EXERCISE OBJECTIVE >> Each line below should be repeated exactly, but no picture should be carried over.

RECORDED INFORMATION >>
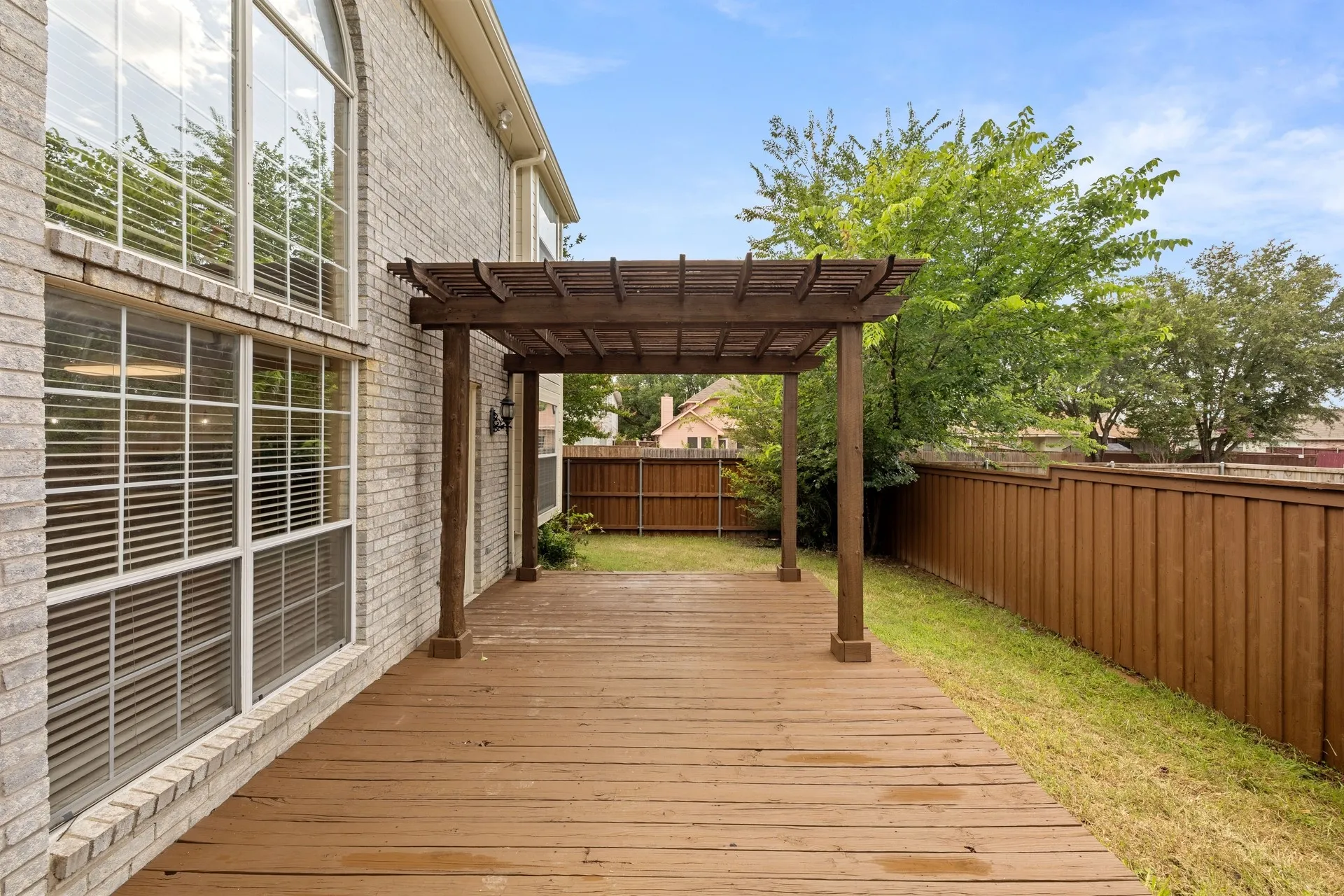 Single Family Residence For Rent in Collin County , 2301 Brookview Drive, Mc Kinney, Texas 75072, 3 Bedroom, 3 Bathroom, 2 Garage spaces, 2,360 Sqft, built in 1998, mls#21414027, Real Estate Agent in Mc Kinney, Homes For Rent in Collin county, Homes For Rent in Mc Kinney, Realtor in Mc Kinney Texas, Real Estate Brokerage Independent Realty Texas, Luminita Cordes Realtor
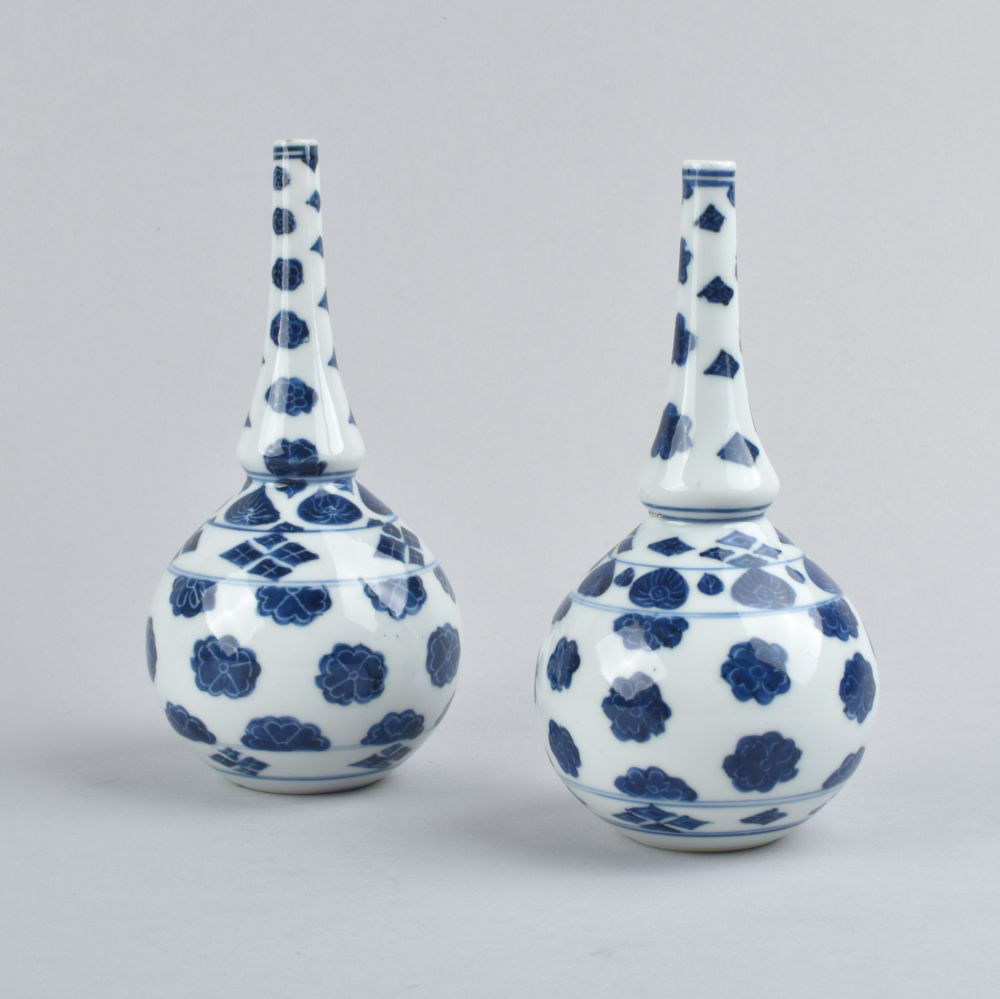 Porcelain Kangxi (1662-1722), circa 1700, China Porcelain Kangxi (1662-1722), circa 1700, China
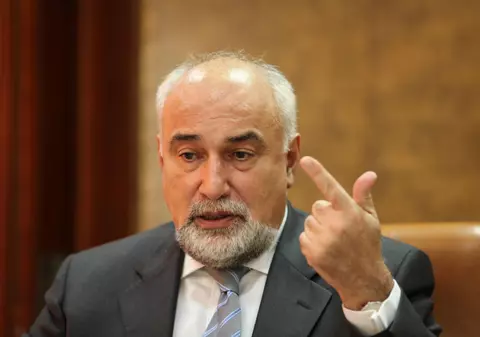 Vosganian scapă de procurori.Senatorii și rugăciunile l-au ajutat pe fostul ministru al economiei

ANSWER AREA >>
 Single Family Residence For Rent in Collin County , 2301 Brookview Drive, Mc Kinney, Texas 75072, 3 Bedroom, 3 Bathroom, 2 Garage spaces, 2,360 Sqft, built in 1998, mls#21414027, Real Estate Agent in Mc Kinney, Homes For Rent in Collin county, Homes For Rent in Mc Kinney, Realtor in Mc Kinney Texas, Real Estate Brokerage Independent Realty Texas, Luminita Cordes Realtor
 Porcelain Kangxi (1662-1722), circa 1700, China Porcelain Kangxi (1662-1722), circa 1700, China
 Vosganian scapă de procurori.Senatorii și rugăciunile l-au ajutat pe fostul ministru al economiei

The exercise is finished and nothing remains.